#### EXERCISE DETAILS
Copy the full listing, changing nothing.

#### INPUT

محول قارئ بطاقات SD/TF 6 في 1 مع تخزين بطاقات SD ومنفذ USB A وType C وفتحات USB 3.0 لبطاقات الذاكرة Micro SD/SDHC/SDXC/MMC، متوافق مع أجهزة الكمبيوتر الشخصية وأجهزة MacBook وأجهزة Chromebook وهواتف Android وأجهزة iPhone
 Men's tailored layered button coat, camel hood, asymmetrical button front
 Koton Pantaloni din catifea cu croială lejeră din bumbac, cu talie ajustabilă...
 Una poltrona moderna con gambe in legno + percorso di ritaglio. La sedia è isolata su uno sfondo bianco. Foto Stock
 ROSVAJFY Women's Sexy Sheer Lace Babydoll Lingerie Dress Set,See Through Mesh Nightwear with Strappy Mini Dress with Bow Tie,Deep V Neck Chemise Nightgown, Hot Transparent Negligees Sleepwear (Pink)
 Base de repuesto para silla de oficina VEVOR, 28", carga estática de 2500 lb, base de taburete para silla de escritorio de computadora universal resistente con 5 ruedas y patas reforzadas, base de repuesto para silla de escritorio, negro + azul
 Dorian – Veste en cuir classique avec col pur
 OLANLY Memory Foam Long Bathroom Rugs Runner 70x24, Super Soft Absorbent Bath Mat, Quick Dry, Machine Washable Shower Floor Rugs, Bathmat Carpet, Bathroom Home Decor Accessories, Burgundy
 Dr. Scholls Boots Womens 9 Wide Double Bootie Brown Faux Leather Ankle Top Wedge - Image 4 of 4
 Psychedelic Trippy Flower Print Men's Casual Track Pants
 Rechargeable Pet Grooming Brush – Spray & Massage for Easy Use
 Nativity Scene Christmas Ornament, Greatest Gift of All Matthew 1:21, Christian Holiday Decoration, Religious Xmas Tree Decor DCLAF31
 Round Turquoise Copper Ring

#### RESPONSE AREA
محول قارئ بطاقات SD/TF 6 في 1 مع تخزين بطاقات SD ومنفذ USB A وType C وفتحات USB 3.0 لبطاقات الذاكرة Micro SD/SDHC/SDXC/MMC، متوافق مع أجهزة الكمبيوتر الشخصية وأجهزة MacBook وأجهزة Chromebook وهواتف Android وأجهزة iPhone
 Men's tailored layered button coat, camel hood, asymmetrical button front
 Koton Pantaloni din catifea cu croială lejeră din bumbac, cu talie ajustabilă...
 Una poltrona moderna con gambe in legno + percorso di ritaglio. La sedia è isolata su uno sfondo bianco. Foto Stock
 ROSVAJFY Women's Sexy Sheer Lace Babydoll Lingerie Dress Set,See Through Mesh Nightwear with Strappy Mini Dress with Bow Tie,Deep V Neck Chemise Nightgown, Hot Transparent Negligees Sleepwear (Pink)
 Base de repuesto para silla de oficina VEVOR, 28", carga estática de 2500 lb, base de taburete para silla de escritorio de computadora universal resistente con 5 ruedas y patas reforzadas, base de repuesto para silla de escritorio, negro + azul
 Dorian – Veste en cuir classique avec col pur
 OLANLY Memory Foam Long Bathroom Rugs Runner 70x24, Super Soft Absorbent Bath Mat, Quick Dry, Machine Washable Shower Floor Rugs, Bathmat Carpet, Bathroom Home Decor Accessories, Burgundy
 Dr. Scholls Boots Womens 9 Wide Double Bootie Brown Faux Leather Ankle Top Wedge - Image 4 of 4
 Psychedelic Trippy Flower Print Men's Casual Track Pants
 Rechargeable Pet Grooming Brush – Spray & Massage for Easy Use
 Nativity Scene Christmas Ornament, Greatest Gift of All Matthew 1:21, Christian Holiday Decoration, Religious Xmas Tree Decor DCLAF31
 Round Turquoise Copper Ring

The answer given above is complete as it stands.